I have two unidimensional functions, $x^a$ ans $x^b$, with $a>0$ and $b>0$, with the sole difference than one is more concave than the other ($a \neq b$). Is there an inequality/theorem relating the average of these two functions, stating that one average is greater than the other?
My actual problem is in the following graph:
Since $1>\alpha>0$, $f_{L}$ is convex, and $f_{Y}$ is less convex. The latter can even be linear ($\alpha=0.5$) or concave ($\alpha<0.5$).
I am looking for an inequality/theorem which proves that the average of the same two points projected into the functions (the y-axis level where $p$ crosses the red lines) are systematically different. In particular, that $\bar{f_{L}}>\bar{f_{Y}}$, as the graph shows.
I have searched for this inequality, but I cannot see one.
One inequality that can be derived is $\bar{f_{L}}^\alpha \ge \bar{f_{Y}}\,$, which follows from the generalized mean inequality. Better bounds will likely require additional information on the values and ranges.

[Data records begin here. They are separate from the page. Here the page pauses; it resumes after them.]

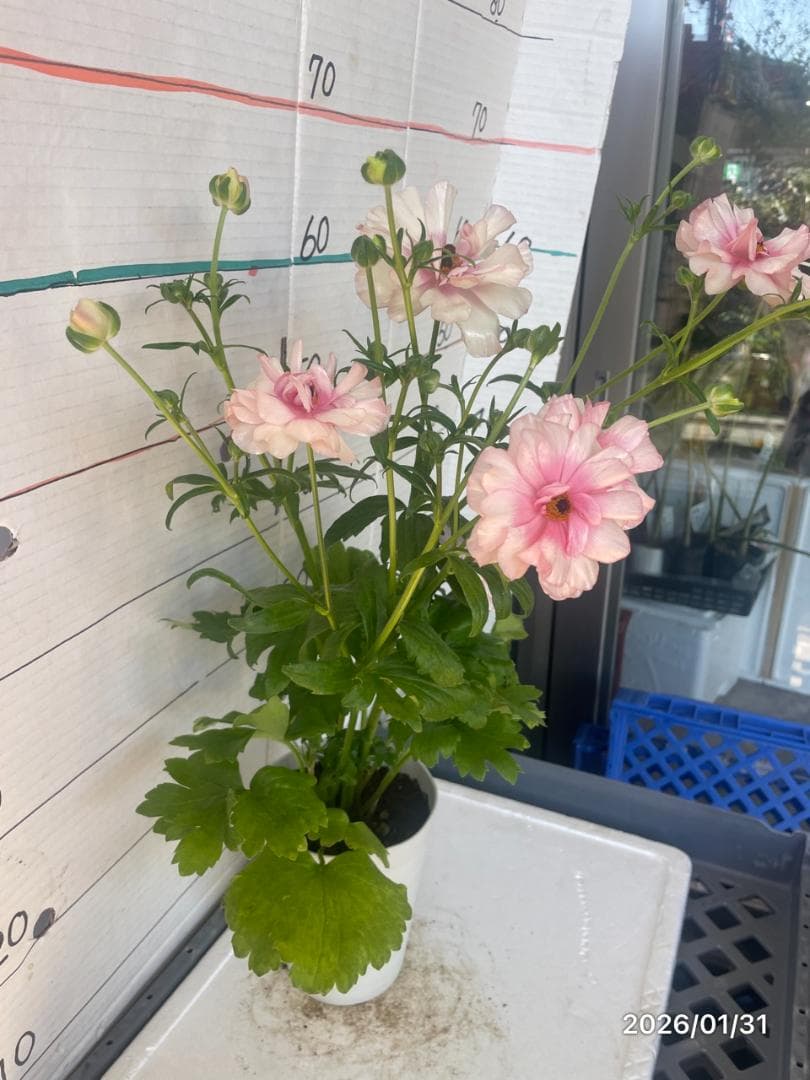 NEO様専用 ラナンキュラス ラックス 6鉢 - メルカリ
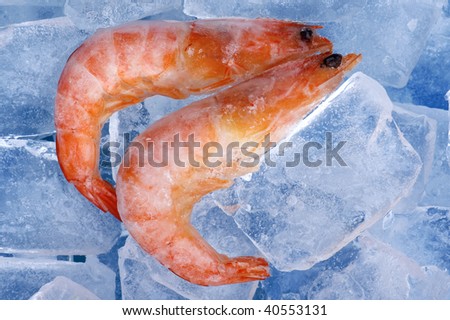 object on blue - Frozen shrimp close up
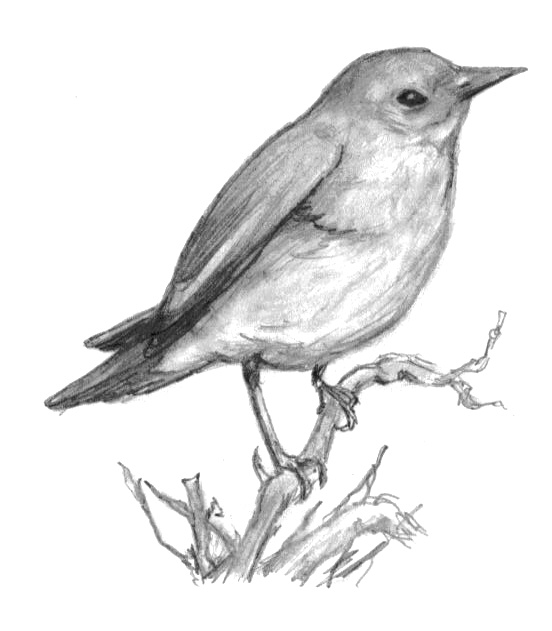 Drawing Of A Bird On A Branch at PaintingValley.com | Explore ...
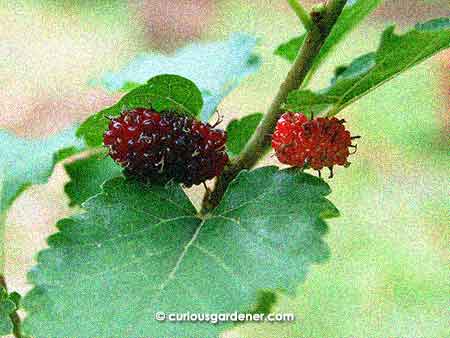 A pair of mulberries on the plant from Novice Gardener ...the day before a bird discovered (and ate) them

[ EDIT ] For the particular case shown in the figure, the stronger inequality $\bar{f_{L}} \gt \bar{f_{Y}}\,$ holds true. Let $q=\frac{\Delta}{p} \in (0,1)$ and $a=\frac{\alpha}{1-\alpha} \gt 0$ so that $\frac{1}{1-\alpha}=a+1$. Then:
$$ \require{cancel} \begin{align} 2\,(\bar{f_{L}} - \bar{f_{Y}}) & = \left((1-q)^{a+1}+(1+q)^{a+1}-(1-q)^{a}-(1+q)^{a}\right) \\ & = \left((1-q)^a(\bcancel{1}-q-\bcancel{1}) + (1+q)^a(\bcancel{1}+q-\bcancel{1})\right) \\ & = q \left((1+q)^a-(1-q)^a\right) \\ & \gt 0 \end{align} $$
The latter inequality follows from the monotonicity in $x$ of $x^a$ for $x,a \gt 0\,$. The above does not use convexity arguments, so it holds for $\alpha \le 0.5$ as well.